Colourful Little Birds


Colourful little birds sculpture

More Little Birds.  This time the Little Bird sculptures are full of colour, courtesy minerals deposited in the sediment which formed the stone, namely iron oxide.

These bands of rich, rust colouring really add some special character to these small sculptures.

Little Birds garden sculpture

As I was carving these two I began to wonder who carved the very first bird sculpture and what inspired it to be made.

A sculpted piece of mammoth ivory may be the earliest representation of a bird, found in a cave in Germany. The 30 000 year old figurine depicts what looks to be a diving cormorant with swept-back wings.

The first known stone carvings are Bird Stones made by Native Americans.  These pre-historic bird shaped stones were abstract and noted for their distinctive simplicity and beauty.  They first appeared some 5000 years ago and were a common inclusion in graves, perhaps they had a ceremonial importance of some kind.

small stone birds

Most of these birds have a small hole drilled at the base of the neck and another lower down, presumably for mounting.  There is some suggestion that they were part of an atlatl (a short rod to hurl spears), or that these artifacts were worn as decorative items denoting marriage status or pregnancy, and as totems representing tribes.  The stones range in size from three to six inches, and have unique variations in style.

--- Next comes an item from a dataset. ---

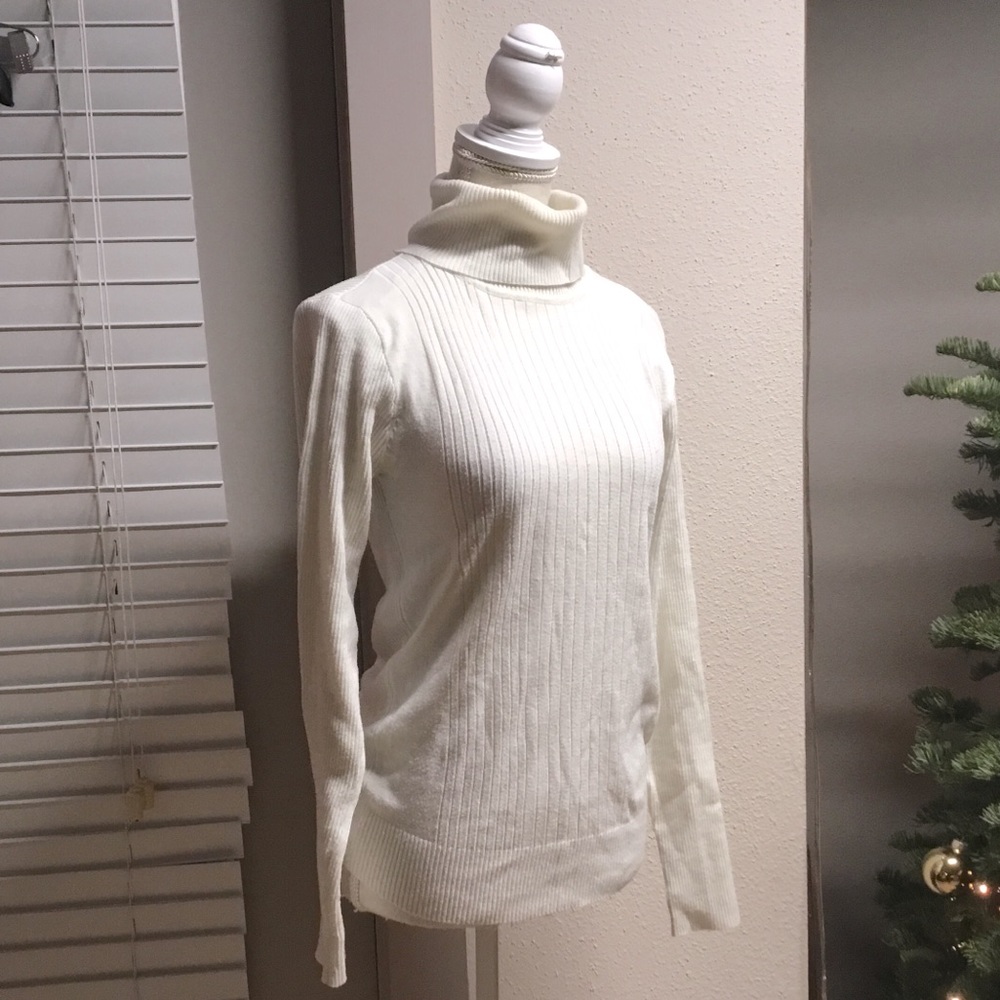 Aviva Turtleneck Sweater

I rather like the idea they suggest a group or society with a common culture, I suppose my two birds are totems of a kind.  It is rather a nice thought that they are symbols for like-minded, nature loving, bird appreciating others.

Two Little Birds sculpture

It connects me somehow with those early sculptors – we can only guess at their inspirations, but so often the interpretations come down to the carvings seeming to demonstrate a respect for the natural world.  They may depict creatures that impressed early humans with their power or skill, or with which people felt they shared common characteristics.

How I’d love to go back in time and meet those creative carvers, and wonder what they would make of my birds.